Note that if the tikzpicture has nodes, you can set the baseline of the tikzpicture to, say, the baseline of a node, baseline={(X.base)}, where X is the name of the node.

Tikz allows to align the base line on a coordinate. See p 127 of the 3.1.3 manual.

here, it is enough to align it on the line \draw[line width=1pt] (-6,1)-- (-3,1);

baseline={(0, 1cm)}

But, as explained by Heiko Oberdiek, the equals sign is centered around the math axis. It is therefore sufficient to subtract this height from the baseline coordinate.
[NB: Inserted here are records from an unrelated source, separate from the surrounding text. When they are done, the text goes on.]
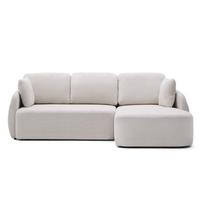 Kreminės spalvos iš šenilinio audinio sulankstoma kampinė sofa (su dešiniuoju kampu/su gultu) Laira – Kave Home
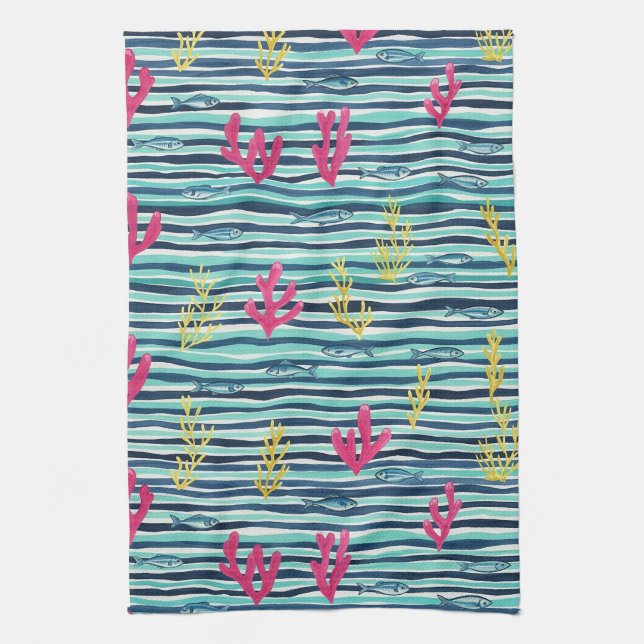Retro Nautical Watercolor Pattern (1) Tea Towel (Vertical)
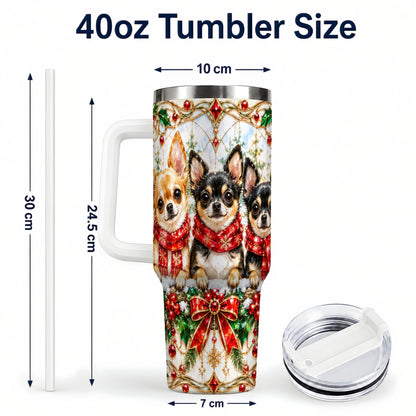 #pl[40oz|White] Jeweled Chihuahua 40oz Tumbler with Handle, Christmas Dog Travel Cup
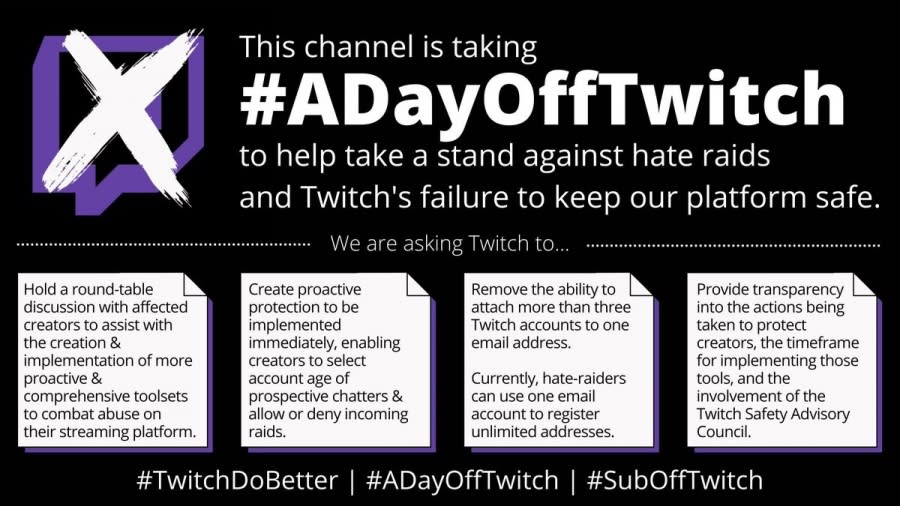 #ADayOffTwitch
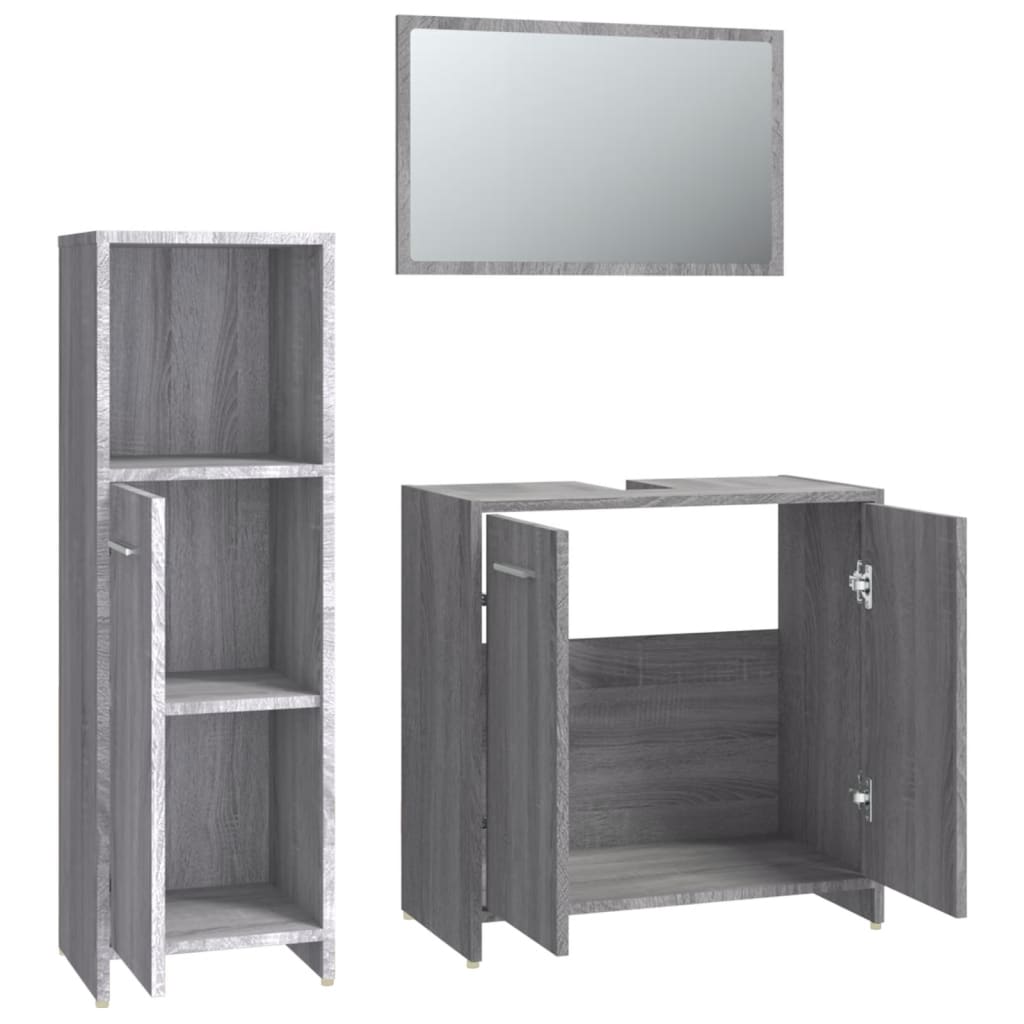 3-delige Badkamermeubelset bewerkt hout grijs sonoma eikenkleur is nu te koop bij PeponiXL, paradijselijk wonen!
\pgfmathsetmacro\MathAxis{height("$\vcenter{}$")}
baseline={(0, 1cm-\MathAxis pt)}

\documentclass{article}
\usepackage{tikz}
\begin{document}

% macro from Heiko Oberdiek solution https://tex.stackexchange.com/a/355693/138900
\pgfmathsetmacro\MathAxis{height("$\vcenter{}$")}
$T=\begin{tikzpicture}[baseline={(0, 1cm-\MathAxis pt)},line cap=round,line join=round,x=1cm,y=1cm]
\draw [line width=1pt] (-6,1)-- (-3,1);
\draw [line width=1pt] (-5,2)-- (-5,0);
\draw [line width=1pt] (-4,2)-- (-4,0);
\end{tikzpicture}$
\end{document}